• **Directions for this task**:
Would you transcribe exactly the lines below, starting at the one that contains "The Attico アシンメトリック クラッチバッグ - Black - サムネイル5" and ending with the last line, both included? Leave out all other lines.

• **Records from a data source**:
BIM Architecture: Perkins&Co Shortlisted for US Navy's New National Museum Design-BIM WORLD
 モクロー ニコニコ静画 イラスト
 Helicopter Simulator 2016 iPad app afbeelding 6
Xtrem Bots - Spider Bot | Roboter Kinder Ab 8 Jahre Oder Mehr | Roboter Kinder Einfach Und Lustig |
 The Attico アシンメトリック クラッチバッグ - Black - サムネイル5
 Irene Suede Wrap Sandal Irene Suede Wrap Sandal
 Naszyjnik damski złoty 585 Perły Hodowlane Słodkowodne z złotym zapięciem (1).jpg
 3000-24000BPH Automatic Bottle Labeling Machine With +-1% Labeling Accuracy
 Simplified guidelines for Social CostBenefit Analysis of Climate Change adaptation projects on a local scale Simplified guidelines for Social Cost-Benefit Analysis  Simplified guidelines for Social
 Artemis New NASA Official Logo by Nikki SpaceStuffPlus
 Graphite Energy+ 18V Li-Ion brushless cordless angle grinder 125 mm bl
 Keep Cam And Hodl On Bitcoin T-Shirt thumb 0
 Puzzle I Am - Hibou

• **Result**:
 The Attico アシンメトリック クラッチバッグ - Black - サムネイル5
 Irene Suede Wrap Sandal Irene Suede Wrap Sandal
 Naszyjnik damski złoty 585 Perły Hodowlane Słodkowodne z złotym zapięciem (1).jpg
 3000-24000BPH Automatic Bottle Labeling Machine With +-1% Labeling Accuracy
 Simplified guidelines for Social CostBenefit Analysis of Climate Change adaptation projects on a local scale Simplified guidelines for Social Cost-Benefit Analysis  Simplified guidelines for Social
 Artemis New NASA Official Logo by Nikki SpaceStuffPlus
 Graphite Energy+ 18V Li-Ion brushless cordless angle grinder 125 mm bl
 Keep Cam And Hodl On Bitcoin T-Shirt thumb 0
 Puzzle I Am - Hibou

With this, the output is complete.